AVAILABLE DATA Block Start

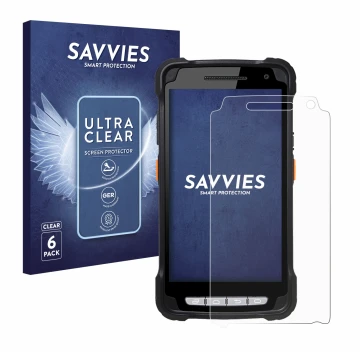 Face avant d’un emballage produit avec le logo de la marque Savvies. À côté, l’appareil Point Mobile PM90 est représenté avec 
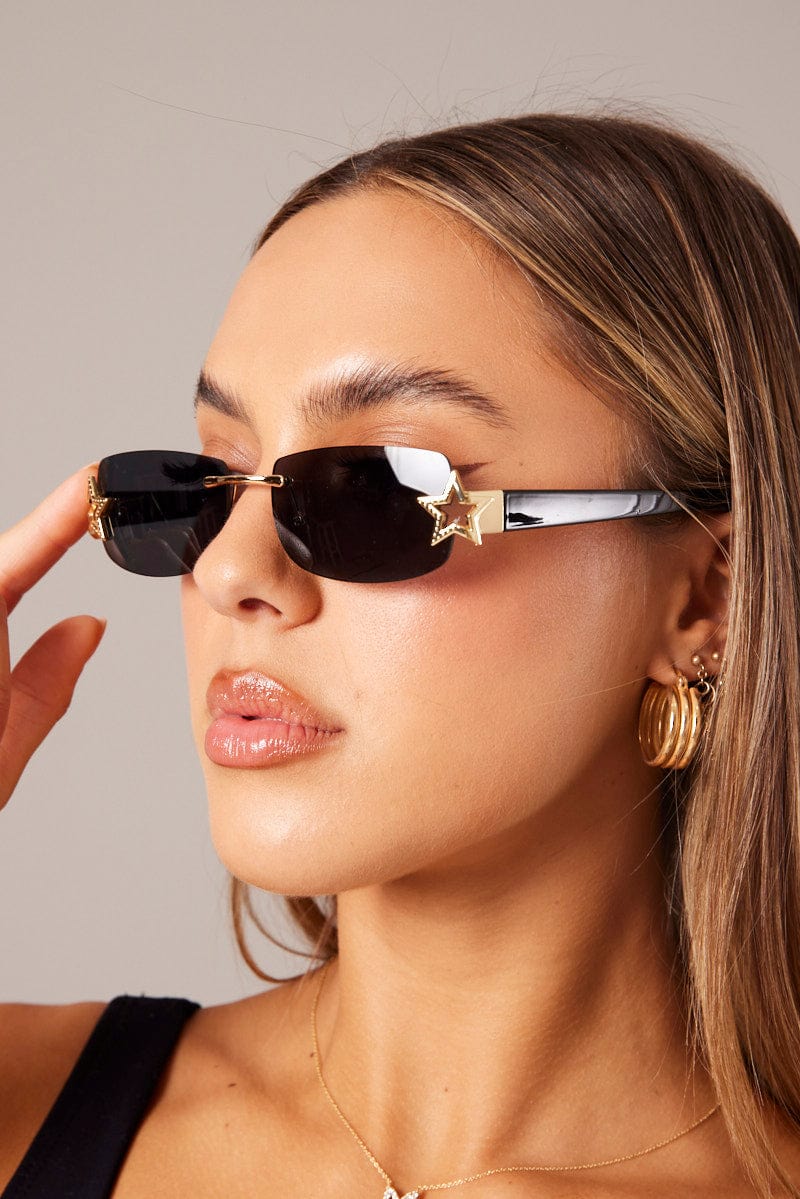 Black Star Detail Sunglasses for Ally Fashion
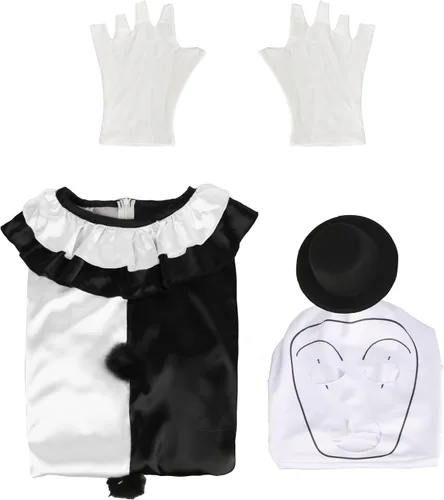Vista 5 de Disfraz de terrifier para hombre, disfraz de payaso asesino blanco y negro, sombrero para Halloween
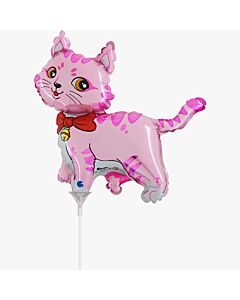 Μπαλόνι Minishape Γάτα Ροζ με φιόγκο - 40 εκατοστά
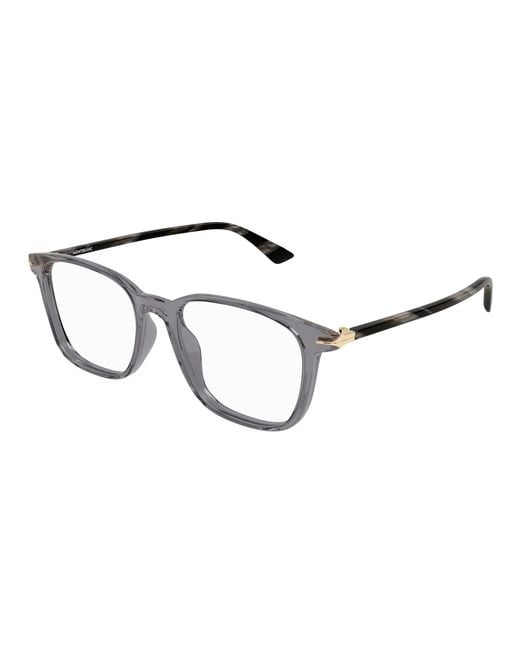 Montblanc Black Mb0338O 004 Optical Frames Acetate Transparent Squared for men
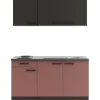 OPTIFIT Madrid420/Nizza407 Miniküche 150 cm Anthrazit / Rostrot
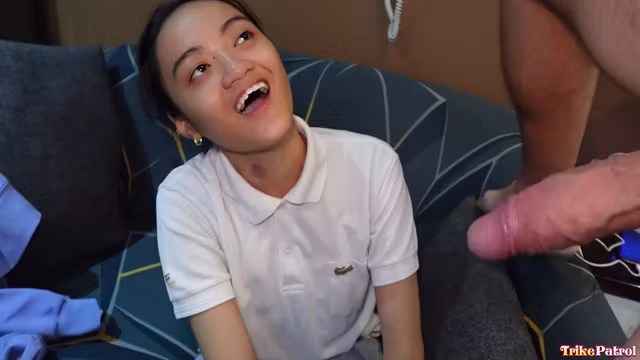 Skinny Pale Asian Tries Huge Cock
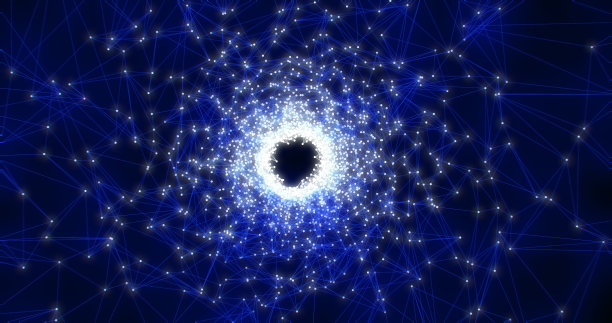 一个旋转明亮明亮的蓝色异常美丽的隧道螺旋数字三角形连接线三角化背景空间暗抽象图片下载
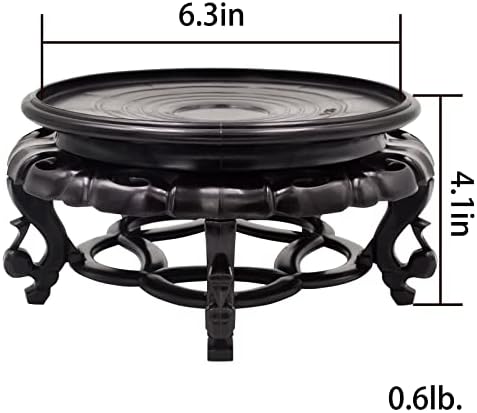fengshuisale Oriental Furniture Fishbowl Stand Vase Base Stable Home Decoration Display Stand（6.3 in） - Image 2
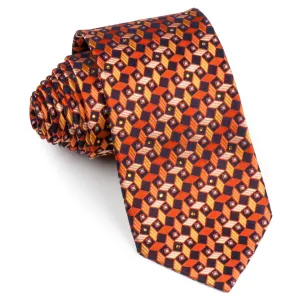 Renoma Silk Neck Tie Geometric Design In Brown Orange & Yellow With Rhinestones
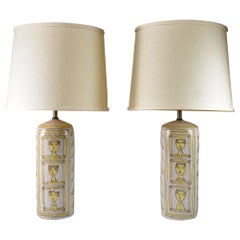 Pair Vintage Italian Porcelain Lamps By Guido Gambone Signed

AVAILABLE DATA Block End

**DIRECTIONS FOR THIS TASK**
Please output exactly the lines of the data above, from its first line through the line with "Vista 5 de Disfraz", and nothing else; drop the pictures.

**RESULT BELOW**
 Face avant d’un emballage produit avec le logo de la marque Savvies. À côté, l’appareil Point Mobile PM90 est représenté avec 
 Black Star Detail Sunglasses for Ally Fashion
Vista 5 de Disfraz de terrifier para hombre, disfraz de payaso asesino blanco y negro, sombrero para Halloween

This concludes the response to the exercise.